In the example above we returned a NamedTuple
. Note, however, that returning
a NamedTuple
is not the same as returning a vector of NamedTuples
(as we
did in the topmost example in this section) as this is allowed.
For the purposes of detection of column names conflicts multiple columns returned are treated as a series of single returned columns (so duplicates are not allowed):
julia> select(df, :name => ByRow(split) => [:name, :lastname], :name)
ERROR: ArgumentError: duplicate output column name: :name
Just for completeness of discussion note that this works:
julia> select(df, :name => ByRow(split) => [:name, :lastname], [:name])
6×2 DataFrame
Row │ name lastname
│ SubStrin… SubStrin…
─────┼───────────────────────
1 │ Aaron Aardvark
2 │ Belen Barboza
3 │ 春 陈
4 │ Даниил Дубов
5 │ Elżbieta Elbląg
6 │ Felipe Fittipaldi
as [:names]
is considered to be a multiple column selector (thus it is not
producing a duplicate and is just ignored in this case).

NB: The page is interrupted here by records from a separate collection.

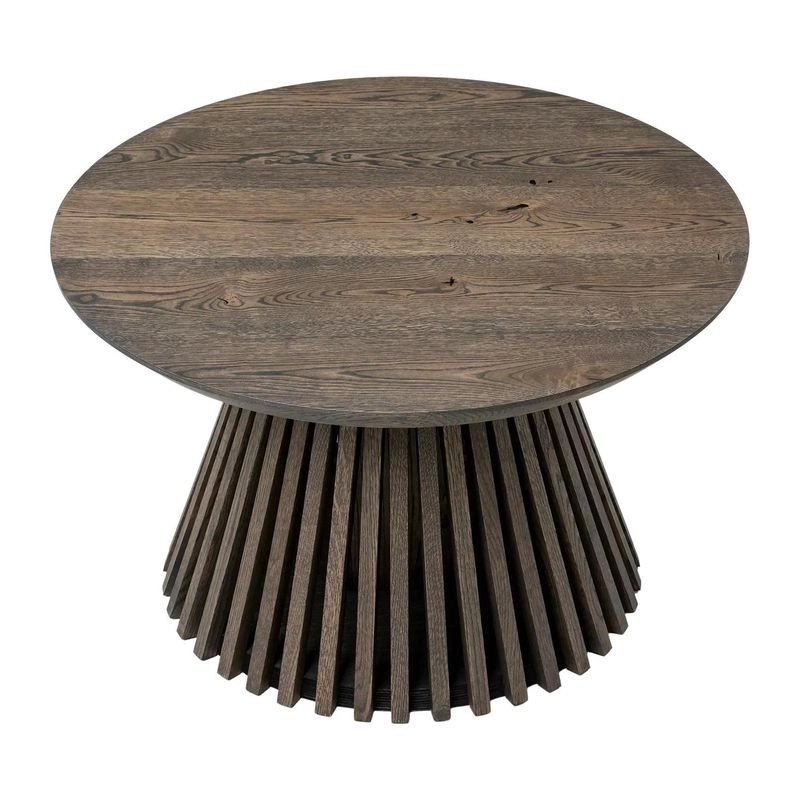 Mulyoharjo Live Edge Dining Table, Natural Wood, Modern Design Mulyoharjo Live Edge Dining Table, Natural Wood, Modern Design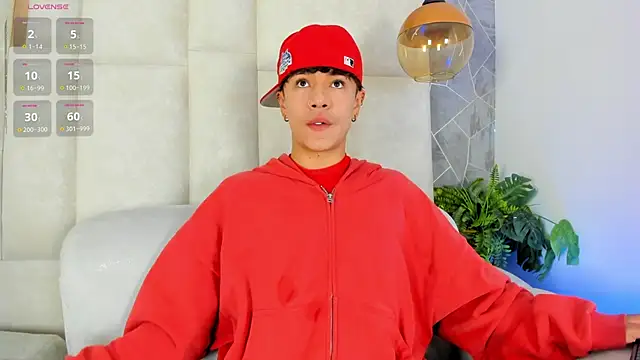 imxxjoel online show from March 6, 2026, 4:29 am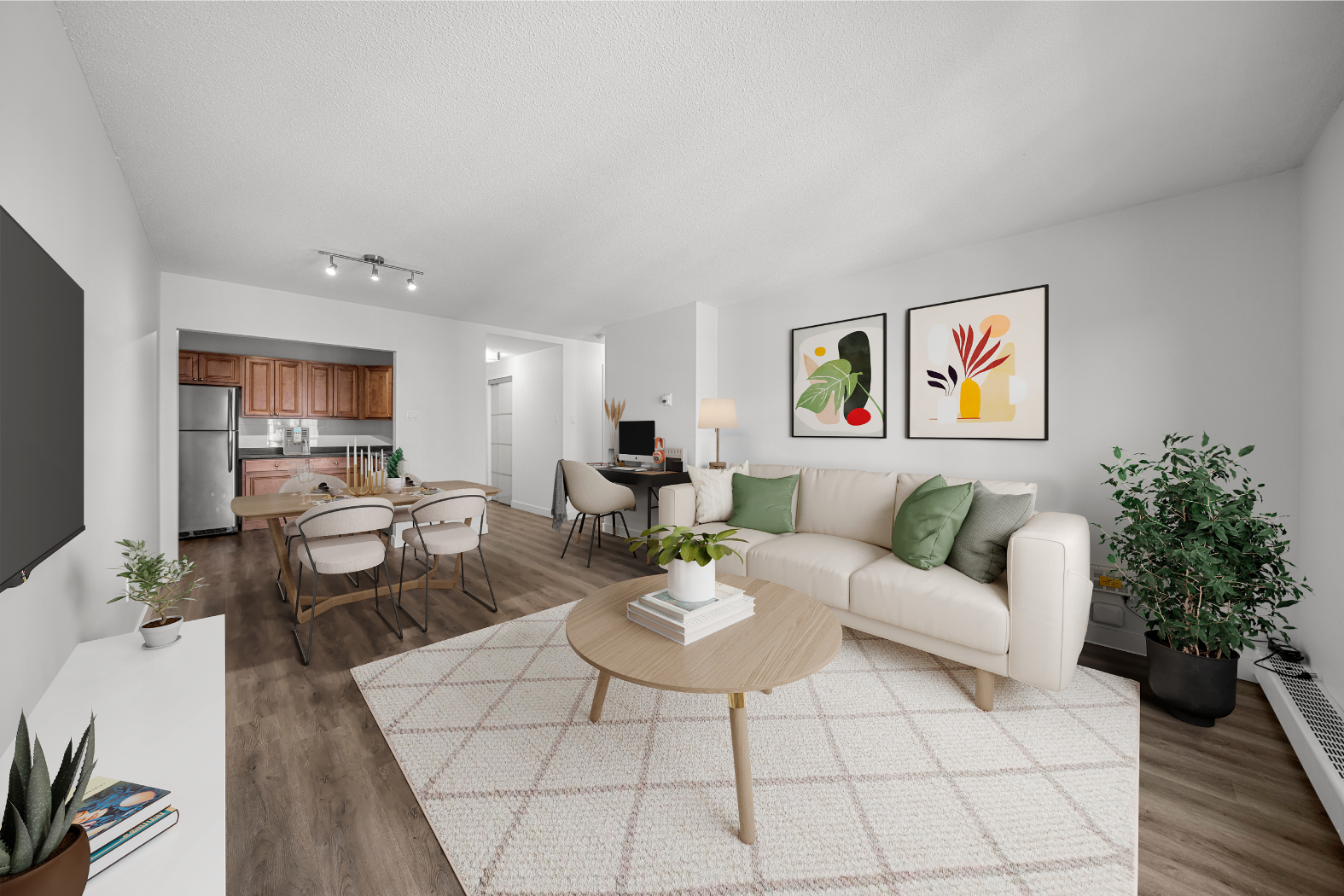 0507-105 26 Avenue SW, Calgary, AB, T2S 0M3 - 2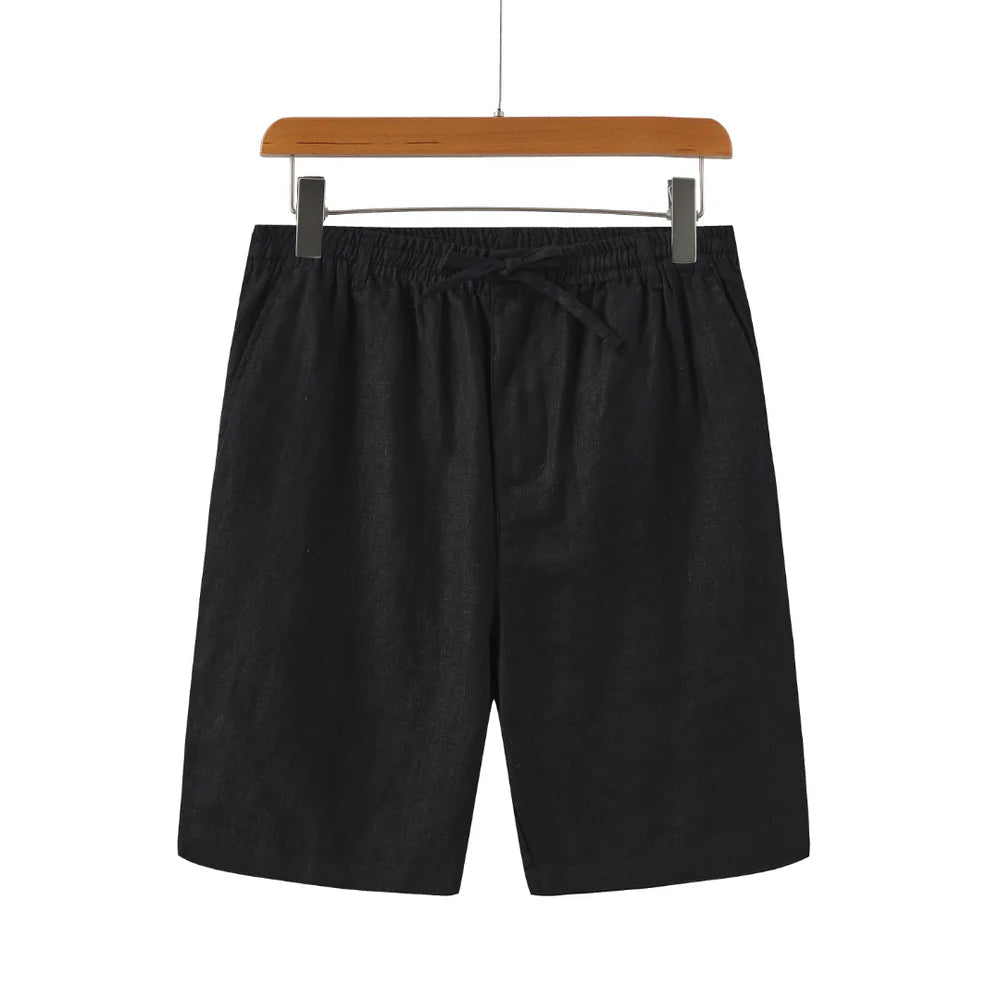 CAPE TOWN - LINNEN SHORTS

Traditional transformation style
The traditional transformation style in the combine
function was to pass a
transformation as a function (without using the =>
minilanguage). This style
is also allowed currently in all transformation functions. Additionally if you
want to use this approach you can pass the function as a first argument of the
function (which is often convenient in combination with do
block style).
In this traditional style we are not allowed to specify source columns.

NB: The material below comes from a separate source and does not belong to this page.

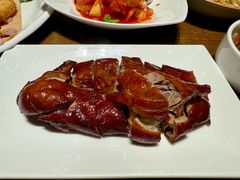 琵琶鸭-廊亦舫Lang Yi Fang Restaurant(金桥店)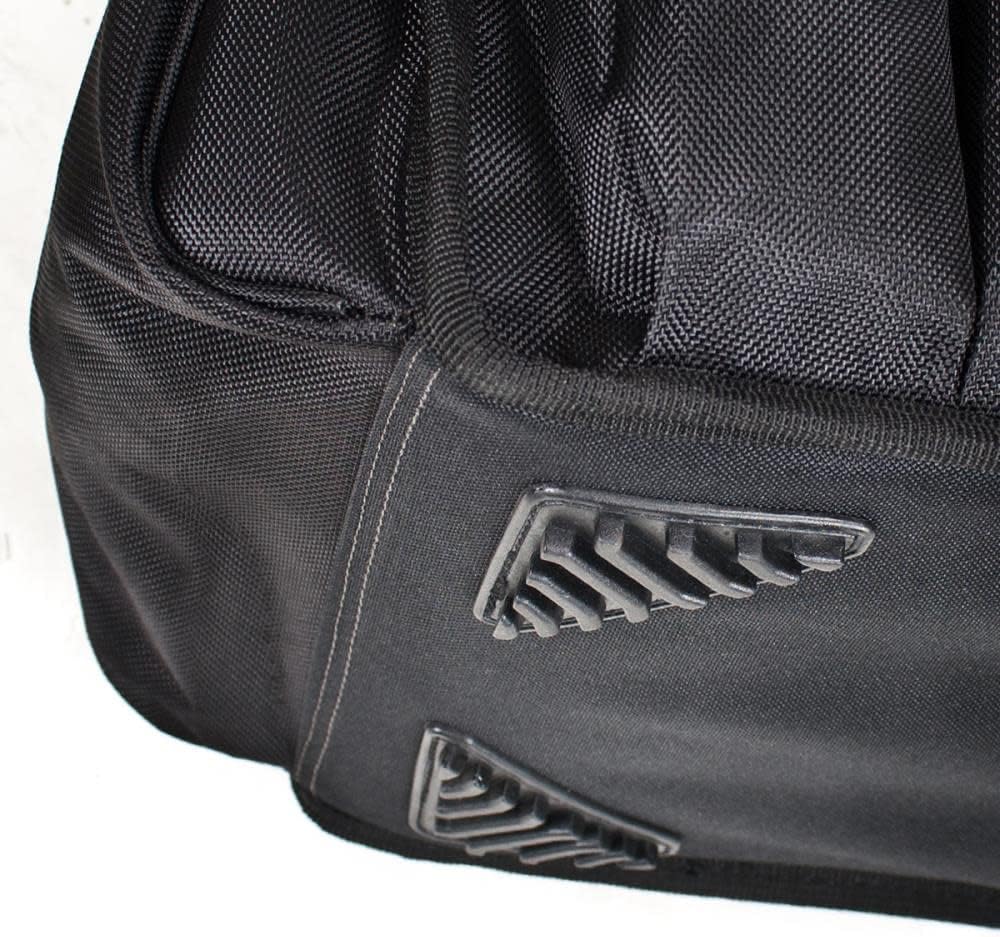 18 in. Closed-Top Tool Bag A704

Therefore such a function always takes a data frame (it is most useful with
GroupedDataFrame
where the data frame is representing a given group of the
source data frame)
Similarly traditional style does not allow specifying target column names. Therefore the following defaults are taken:
- if
AbstractDataFrame
,DataFrameRow
,AbstractMatrix
, orNamedTuple
is returned then it is assumed to produce multiple columns (in the case ofNamedTuple
it must contain only vectors or only single values, as if they are mixed an error is thrown). - all other return values are treated as a single column (where returning a vector produces multiple rows and returning any other value produces one row).
Here are examples of this style:
julia> combine(groupby(df, :eye)) do sdf
return mean(sdf.age)
end
4×2 DataFrame
Row │ eye x1
│ String Float64
─────┼─────────────────
1 │ blue 42.5
2 │ brown 35.0
3 │ hazel 40.0
4 │ green 30.0
julia> combine(groupby(df, :eye), sdf -> mean(sdf.age))
4×2 DataFrame
Row │ eye x1
│ String Float64
─────┼─────────────────
1 │ blue 42.5
2 │ brown 35.0
3 │ hazel 40.0
4 │ green 30.0
julia> combine(groupby(df, :eye),
sdf -> (count = nrow(sdf),
mean_age = mean(sdf.age),
std_age = std(sdf.age)))
4×4 DataFrame
Row │ eye count mean_age std_age
│ String Int64 Float64 Float64
─────┼───────────────────────────────────
1 │ blue 2 42.5 10.6066
2 │ brown 2 35.0 14.1421
3 │ hazel 1 40.0 NaN
4 │ green 1 30.0 NaN
Special treatment of grouping columns
As a special rule for processing of GroupedDataFrame
object is that
it is not allow to change the values stored in the grouping columns as they
are kept by default.
Here is a simple example:
julia> combine(groupby(df, :eye), :eye => ByRow(uppercase) => :eye)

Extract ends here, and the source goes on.